The United States is encountering its worst economic crisis since the 1980s. The stork market is crashing, and lots of people are getting more worried about the future amid the Russia-Ukraine conflict that is reverbarating throughout the globe in the wake of the worst of the COVID-19 pandemic. U.S. psychologists are now recommending mental health books by Jewish victim of concentration camps Psychologist Viktor E. Frankl.
Experts and religious advisors now encourage people to center their lives on self-care and family ties. They are encouraging people to set goals and surround themselves with things that makes them look forward to the future. They also recommend goal setting as the anecdote to the rise in deaths related to mental health. Having a clear purpose for the future prolongs life expectancy.
Frankl, having survived Nazi Germany, quotes from Nitchze’s “if you have a way to live for you can bear almost any how”. Right now, there is a lot of fear and uncertainty about the future.The stock markets are down, inflation continues to go up.
What Frankl found, is that in extremely challenging situations– like being in a concentration camp– it was essential for a person to be connected to a future goal or purpose. When a person lost hope for their future, their physical body shut down and, in those brutal conditions, they quickly died.
In his book Man’s Search for Meaning, Frankl describes the consequences of one’s mental state in challenging situations, using the prison environments similar to those of concentration camps.
- The prisoner who had lost faith in the future— his future—was doomed. With his loss of belief in the future, he also lost his spiritual hold; he let himself decline and became subject to mental and physical decay.

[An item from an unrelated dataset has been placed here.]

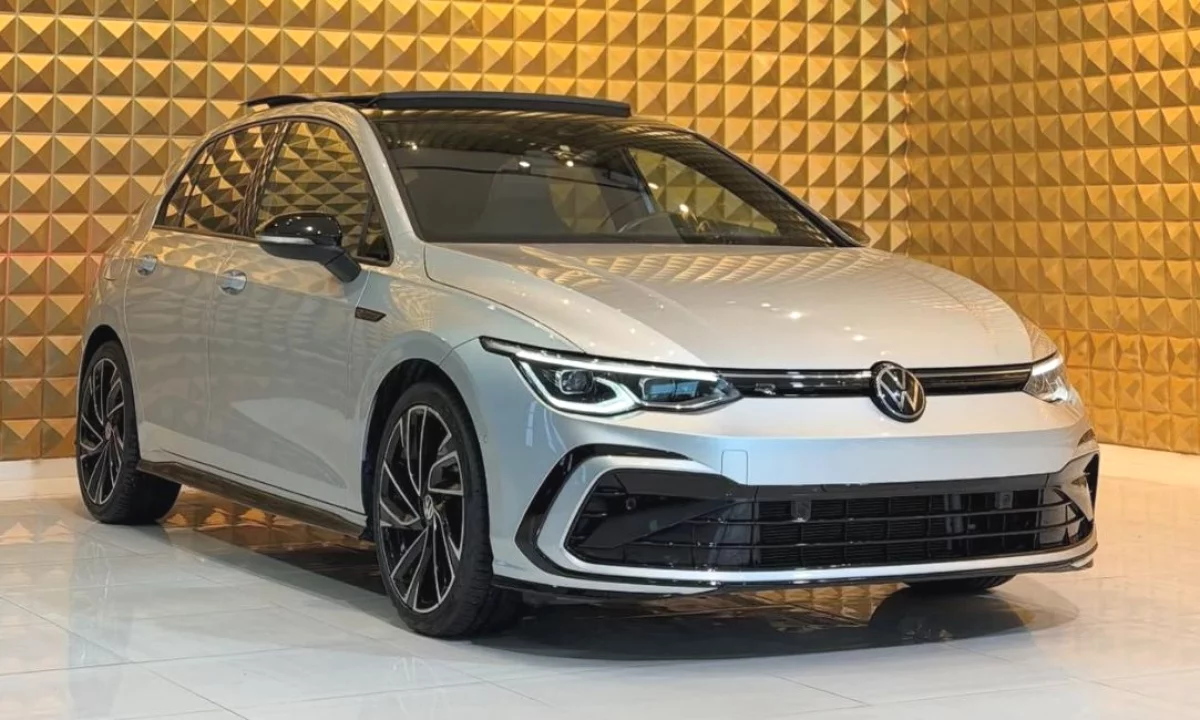 Makine me qera ne Rinas Tirane Volkswagen Golf 8 R-Line 2024 duke filluar nga 75 euro dita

- Any attempt at fighting the camp’s [pathological] influence on the prisoner by [therapeutic] methods had to aim at giving him inner strength by pointing out to him a future goal to which he could look forward. Instinctively some of the prisoners attempted to find one on their own. It is a peculiarity of man that he can only live by looking to the future– sub specie aeternitatis. And this is his salvation in the most difficult moments of his existence.
- A man who let himself decline because he could not see any future goal found himself occupied with retrospective thoughts. Instead of taking the camp’s difficulties as a test of their inner strength, they did not take their life seriously and despised it as something of no consequence. They preferred to close their eyes and live in the past. Life for such people became meaningless.”